Event Understanding through Multimodal Social Stream Interpretation (EUMSSI)
The main objective of EUMSSI is developing technologies for identifying and aggregating data presented as unstructured information in sources of very different nature (video, image, audio, speech, text and social context), including both online (e.g., YouTube) and traditional media (e.g. audiovisual repositories), and for dealing with information of very different degrees of granularity. The multimodal analytics will help organize, classify and cluster cross-media streams, by enriching its associated metadata. A core idea is that the process of integrating content from different media sources is carried out in an interactive manner, so that the data resulting from one media helps reinforce the aggregation of information from other media, in a cross-modal interoperable semantic representation framework. This will be accomplished thanks to the integration in a multimodal platform of state-of-the-art information extraction and analysis techniques from the different fields involved. Interoperability and interactive reinforcement of the data aggregation and a high-level semantic, conceptual and eventive representation will distinguish this proposal from others that incorporate multimodal search. The resulting platform will be potentially useful for any application in need of cross-media data analysis and interpretation, such as intelligent content management systems, personalized recommendation, real time event tracking, content filtering, etc.
Website: https://www.eumssi.eu/
Our online demo is available at: http://demo.eumssi.eu/demo/
In its final review, the European Commission has evaluated the EUMSSI project as excellent, which leaves as a result an advanced multimodal platform for automatic metadata enrichment.
Learning efficient representation using unsupervised networks
This project consists of two major works. In our first work, we propose a paradigm to compose many learning networks to learn efficient features. Furthermore, we also improve the way these features are incorporated across spatial regions using convolutional pooling. This architecture is then verified on standard datasets: CIFAR-10 and STL-10. Experimental results show that spatial boosting networks with careful choice of parameters help increasing accuracy over standard approaches. Even using the simple algorithm as K-Means, we still achieve competitive results in comparison to methods in literature. Moreover, since our framework works independently from choice of unsupervised learning algorithm, final results can still be boosted up using more powerful algorithms such as sparse coding or sparse autoencoder … These improvements can also be used in conjunction with other systems to further enhance performance of deep networks for unsupervised feature learning.

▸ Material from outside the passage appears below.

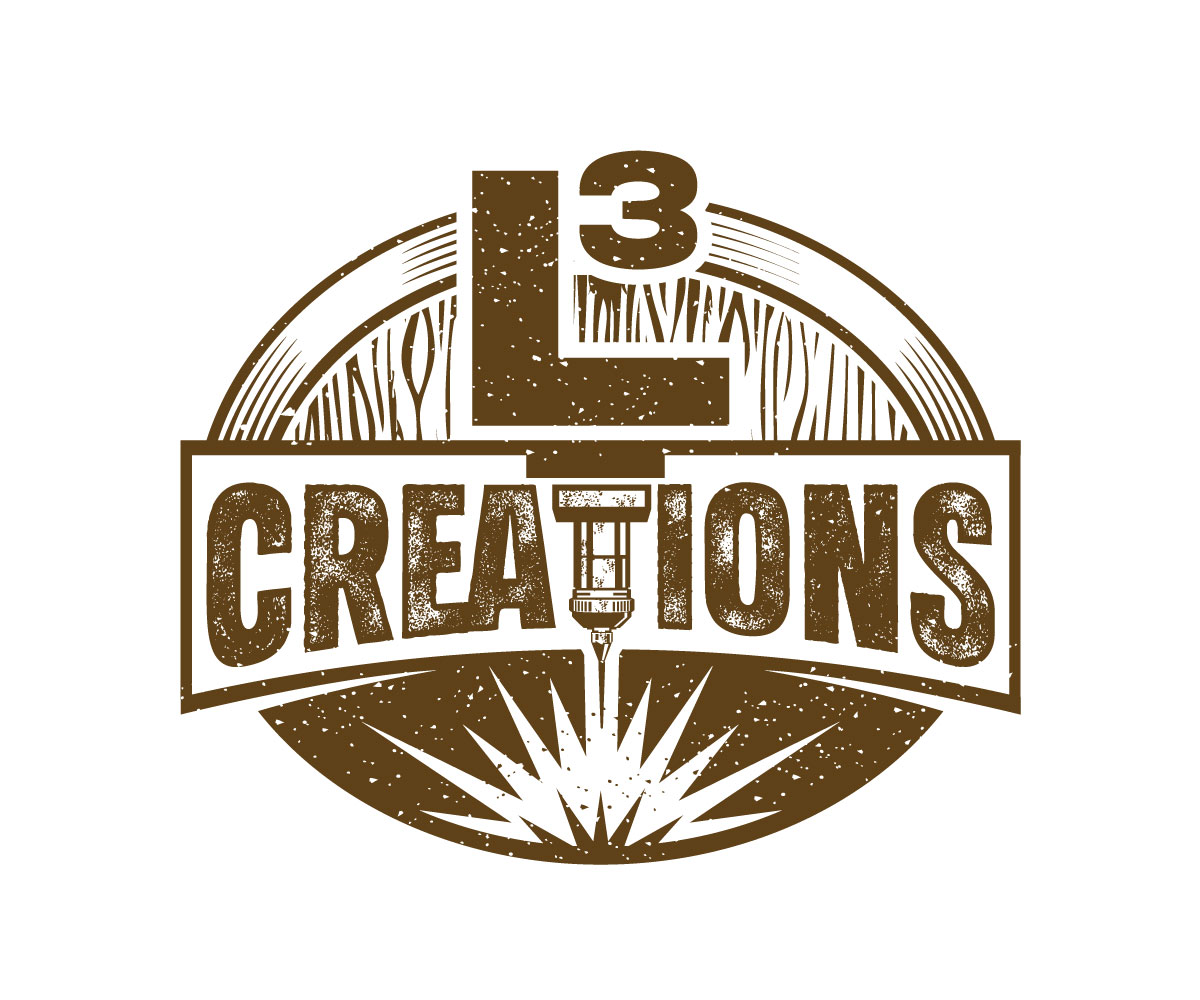 Logo Design by artpaul for this project | Design #32367422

While expanding pooling regions using autoencoder, we observed that final representation is potentially noisy because of more feature vectors participating in one pooling unit. For K-Means, feature vectors are absolutely sparse. Meanwhile, sparse autoencoders do not create genuine “sparse vectors”, in which most values are zero. Hence, to make autoencoder compatible to convolutional pooling, we must enforce further sparsity constraint into its activation function. Therefore, in our second work, we propose inhibitory pseudo-interconnections in neural networks to form inhibitory sparse autoencoder. These interconnections can further constraint the sparse activation into feature vectors.
This project is also my master’s thesis under the supervision of Dr. Tran Minh Triet. In this project, I was the principal investigator and the main contributor. We received the grant from Vietnam National University. This project resulted in two publications in ICMLA and ICMV in 2013.
Link-based Document Classification
In this project, I was supervised by Dr. Tran Thai Son and Dr. Tran Minh Triet.
Document classification is a well-known problem in machine learning with many applications in real life. A many classical methods like SVM, Bayesian classifier, neural network, ... have been applied on the content of the documents. However, with the rise of internet, documents no longer exist as independent instances. They are linked with each other to form richly structured data sets. Hence, there is a need to classify the document using the link information between them.
In this project, we propose an approach which takes both the content and the link information of a document into the classification process. There are two type of models in the framework. First, the normal model takes the content of the document to classify it. Second, the individual link model uses the content and the category of the linking document to classify the linked document. These two types of model are combined to give final result. This new approach is evaluated in three standard data sets: CiteSeer, Cora, and Pubmed-Diabetes.
This project won the First Prize for Scientific Research Projects of Students by University of Science, HCMC in 2012.
This project received Award by Ministry of Education and Training for Excellent Student Projects in 2012.
Here are the slides of my presentations at IPMU, Italia and KSE, Vietnam.
[IPMU slide] [KSE slide]
A Hierarchical Approach for Handwritten Digit Recognition Using Sparse Autoencoder
This is my joint work with Duong Thien An and Phan Thanh Hai. We were supervised by Dr. Tran Thai Son.
We propose a new method to learn higher level features from specific characteristics of data using sparse autoencoder. The main key of our approach is to divide the handwritten digits into subsets corresponding to specific characteristics. The choice of the specific characteristic is crucial to the performance of this approach. We propose a new feature based on linear regression to extract geometrical characteristics of handwritten digits. The linear regression-based features are utilized to cluster digit images into different sets in preprocessing stage. After that,each set of clustered digit images is used as input for a corresponding hierarchical sparse autoencoder to extract higher level features automatically. This approach is evaluated on the MNIST data set. The experiments show that efficiently data clustering can get promising results.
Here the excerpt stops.